My introduction to Barry came just prior to the 1978 Mayoral election. He asked for my vote but I hadn’t yet switched my registration from New York. Like many who came to work for an administration we thought after a few years we would return home. Thirty-six years later I am proud to say D.C. is my home.
Marion appointed me to the first D.C. Commission on which I proudly served. Marion Barry is given credit for turning the District of Columbia from a small sleepy southern town into a real city. When elected in 1978 the city still had visible and invisible vestiges of the 1968 riots. Barry began building a vibrant downtown and was responsible for the Reeves Center that began the rebirth of the ‘U’ street corridor.
Barry was reelected in 1982 and 1986 without much competition. Unfortunately his third term brought on talk of corruption, womanizing, drinking and drug use.
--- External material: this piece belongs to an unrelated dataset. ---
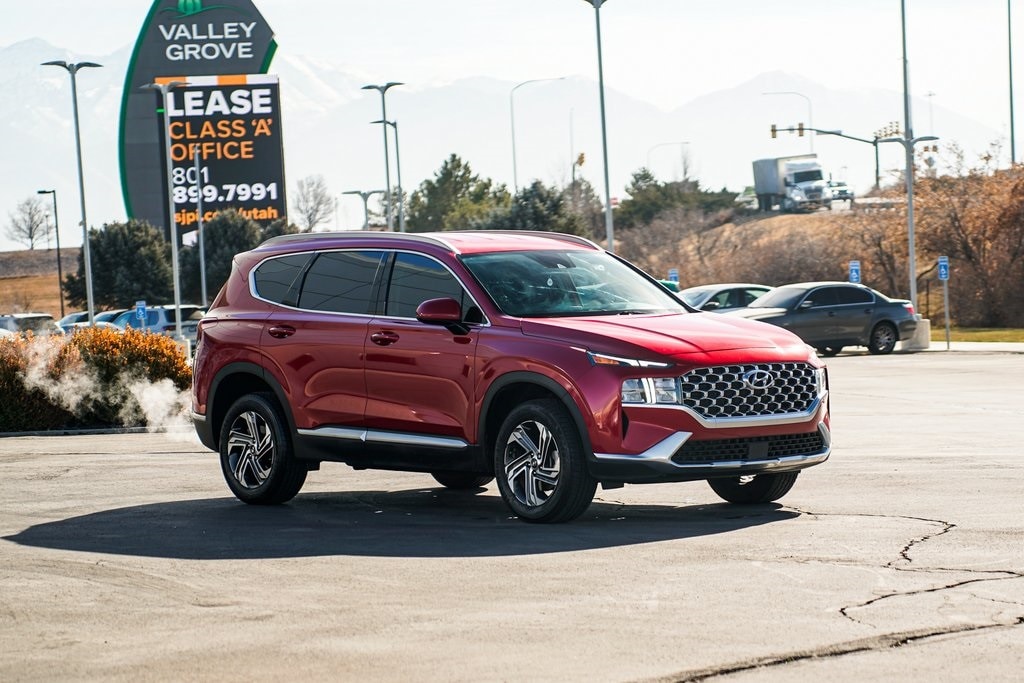 Used 2022 Hyundai Santa Fe SEL SUV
The U.S. Attorney tried every way to connect Barry to corruption but couldn’t. Then in what many believed to be an outrageous perversion of power set up the sting where Barry was caught smoking crack cocaine. After all that Barry was convicted of only a misdemeanor charge but received a six month a jail term.
After getting out of jail Marion ran for and won the Ward 8 council seat. Then to the surprise of many he won his fourth term as Mayor in 1994 with nearly 56% of the vote. Barry was magnanimous to those like me who didn’t support him in that race and willingly worked with us during that last term.
While the city’s financial picture continued to disintegrate and Congress installed a Financial Control Board Barry worked with Abe Pollin to build the Verizon Center. Together with the Shakespeare Theatre and its Artistic Director Michael Kahn who led the way by moving to the Lansburgh Theatre in 1992, these two projects are responsible for the rebirth of the 7th street corridor and a vibrant downtown entertainment district.
Barry ended his fourth term as Mayor at noon on January 1st 1999. After a few years of staying out of politics in 2004 he ran again and took back the Ward 8 council seat. It was a seat he held until his death. Marion Barry and the District of Columbia will forever be linked in history.